(EXERCISE AIM)
Only text lines belong in the answer: the lines from the first one in the records through the line with "a woman in bunny ears holding a basketball", copied exactly.

═══

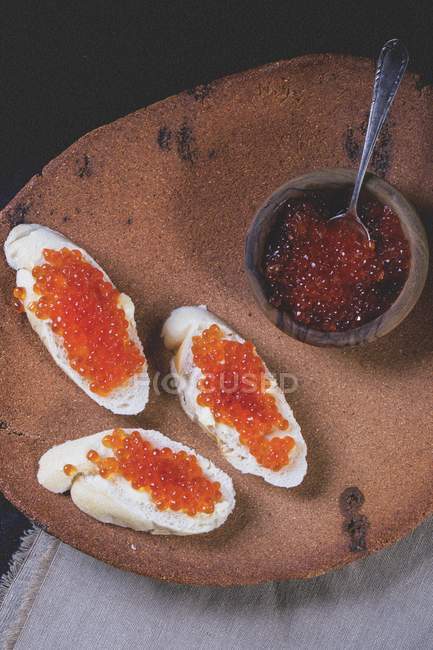 Rodajas de baguette rematadas con caviar rojo - foto de stock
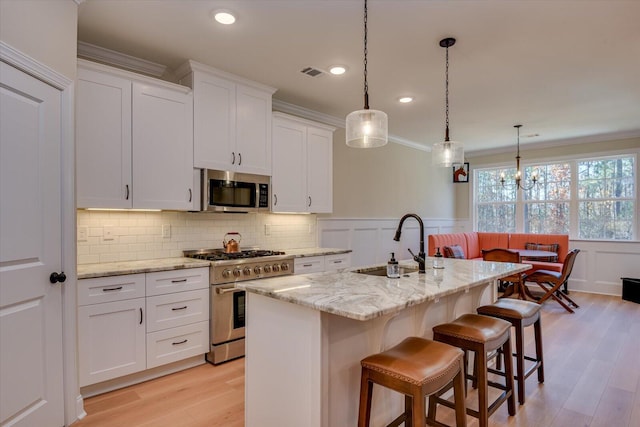 kitchen with a center island with sink, white cabinets, stainless steel appliances, and sink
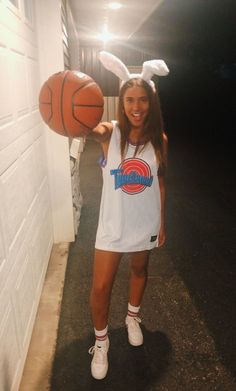 a woman in bunny ears holding a basketball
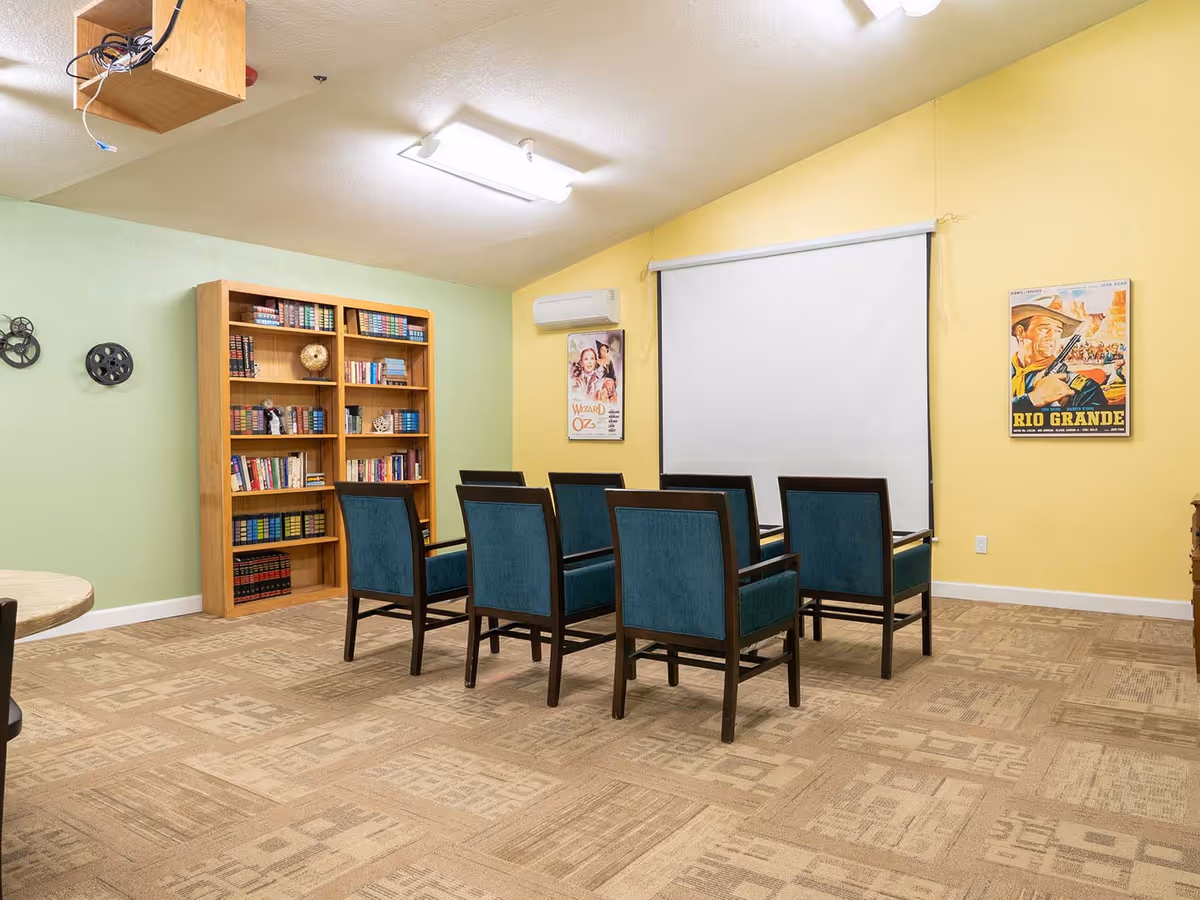 A small meeting or media room with six blue upholstered chairs arranged in two rows facing a white projection screen on a yellow wall. There is a wooden bookshelf filled with books against a light green wall, and two vintage movie posters, one for 'Wizard of Oz' and another for 'Rio Grande', hang on the yellow wall. The room has beige patterned carpet and a ceiling-mounted projector.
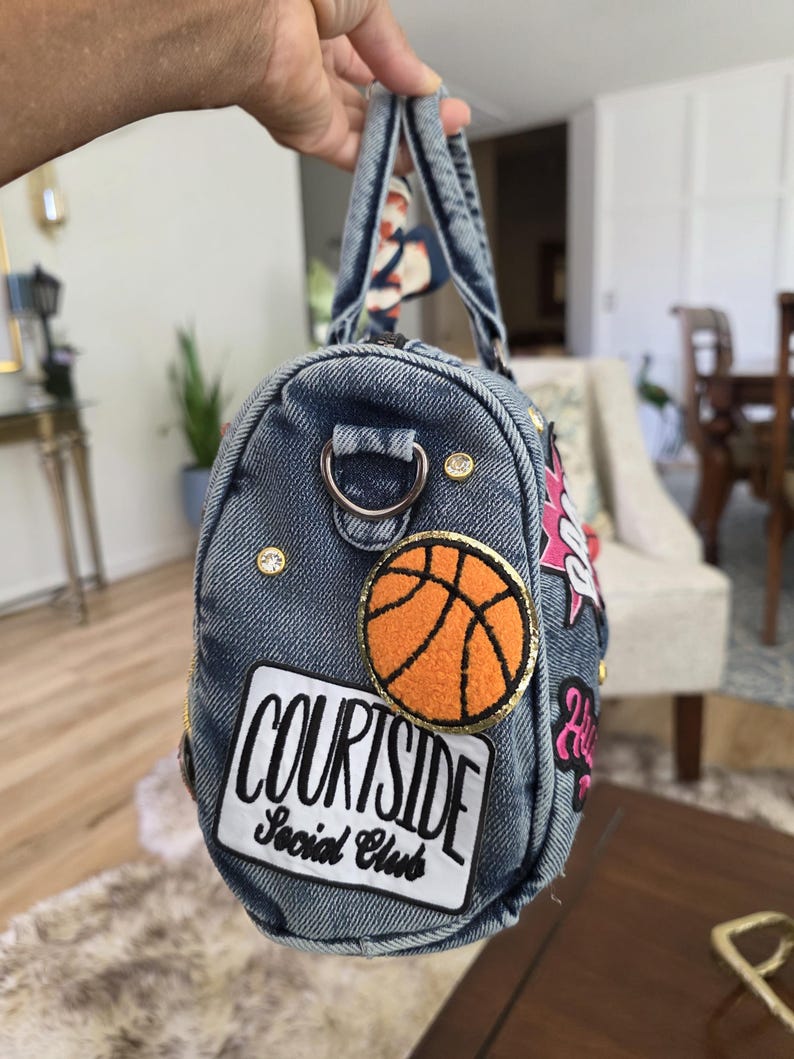 Puede incluir: Un bolso de mezclilla con parches y adornos. El bolso presenta un parche de baloncesto, el texto "COURTSIDE Social Club" y otros elementos decorativos. El bolso tiene un asa y una correa con una bufanda estampada.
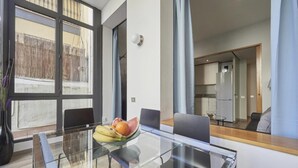 Ein moderner Essbereich mit einem Glastisch, Stühlen und einer Obstschale.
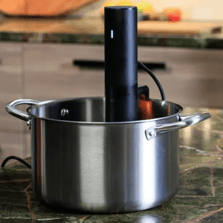 A stainless steel pot with handles, containing an immersion circulator or sous-vide cooker, is placed on a kitchen countertop.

═══

(PROBLEM SOLUTION)
 Rodajas de baguette rematadas con caviar rojo - foto de stock
 kitchen with a center island with sink, white cabinets, stainless steel appliances, and sink
 a woman in bunny ears holding a basketball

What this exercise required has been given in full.